Des styles qui se transforment en chemin
On parle souvent de “danses traditionnelles”, comme si leurs formes étaient figées. Le solo Groove prend le contrepied de cette idée : il montre qu’un mouvement, au moment même où il est transmis, change déjà. Formée au Conservatoire national supérieur de musique et de danse de Paris, Soa Ratsifandrihana revendique cette fluidité. Elle ne cherche pas à reproduire des styles, mais à révéler ce qui les traverse. Loin de présenter l’Afindrafindrao comme une danse “patrimoniale” malgache, elle le traite comme un matériau vivant, susceptible d’être mélangé, déplacé, découpé. Le Madison, danse en ligne largement popularisée par les clubs et les fiestas, la rejoint comme un souvenir personnel, mais aussi comme un phénomène collectif passé d’un contexte social à un autre. Quant au popping, il est évoqué non pas comme une référence hip-hop à citer, mais comme un geste qui a voyagé des parcs californiens aux battles internationales avant de filtrer dans sa propre pratique.

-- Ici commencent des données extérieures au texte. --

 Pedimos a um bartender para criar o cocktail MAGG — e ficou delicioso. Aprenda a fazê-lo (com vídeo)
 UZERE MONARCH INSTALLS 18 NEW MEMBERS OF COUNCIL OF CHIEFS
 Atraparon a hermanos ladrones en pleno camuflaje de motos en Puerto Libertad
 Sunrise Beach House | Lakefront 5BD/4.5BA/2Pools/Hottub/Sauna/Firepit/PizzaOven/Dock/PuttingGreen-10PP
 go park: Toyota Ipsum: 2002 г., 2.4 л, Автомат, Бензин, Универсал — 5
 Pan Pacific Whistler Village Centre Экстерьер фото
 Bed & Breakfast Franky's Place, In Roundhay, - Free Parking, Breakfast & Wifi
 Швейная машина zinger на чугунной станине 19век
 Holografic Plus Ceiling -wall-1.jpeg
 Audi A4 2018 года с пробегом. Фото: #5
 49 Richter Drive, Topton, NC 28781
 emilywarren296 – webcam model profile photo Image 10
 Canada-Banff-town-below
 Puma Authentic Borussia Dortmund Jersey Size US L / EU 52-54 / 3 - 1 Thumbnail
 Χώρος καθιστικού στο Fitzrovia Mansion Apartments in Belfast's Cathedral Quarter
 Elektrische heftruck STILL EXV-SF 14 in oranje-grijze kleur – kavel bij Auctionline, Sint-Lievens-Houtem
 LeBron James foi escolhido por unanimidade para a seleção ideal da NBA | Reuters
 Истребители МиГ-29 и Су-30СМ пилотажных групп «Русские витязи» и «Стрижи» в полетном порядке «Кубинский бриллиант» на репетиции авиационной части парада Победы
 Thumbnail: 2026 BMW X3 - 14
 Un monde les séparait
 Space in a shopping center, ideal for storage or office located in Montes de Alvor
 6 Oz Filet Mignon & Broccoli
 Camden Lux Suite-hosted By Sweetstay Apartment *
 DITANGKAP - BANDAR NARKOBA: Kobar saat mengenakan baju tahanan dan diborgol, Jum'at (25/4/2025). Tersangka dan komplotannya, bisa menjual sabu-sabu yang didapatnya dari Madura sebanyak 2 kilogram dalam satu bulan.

Cartographie de la mémoire collective
Le mot “groove” évoque un rythme. Chez elle, il devient une façon d’observer ce que chaque corps transporte : des influences invisibles, des danses apprises par imitation, des gestes nourris par des communautés entières. Ce n’est donc pas un catalogue d’inspirations, mais une cartographie en mouvement, où les souvenirs deviennent matière chorégraphique. Depuis sa création en 2021, la pièce a circulé en Europe, en Asie, au Canada, avant de rejoindre Madagascar, pays d’origine de l’artiste. Ce retour ne relève pas du symbolique, mais de la continuité : Groove n’achève pas son voyage, il le prolonge. Il rappelle qu’aucune danse ne naît isolée, et qu’un geste, lorsqu’il s’exporte, raconte d’autres histoires sans jamais cesser de se transformer.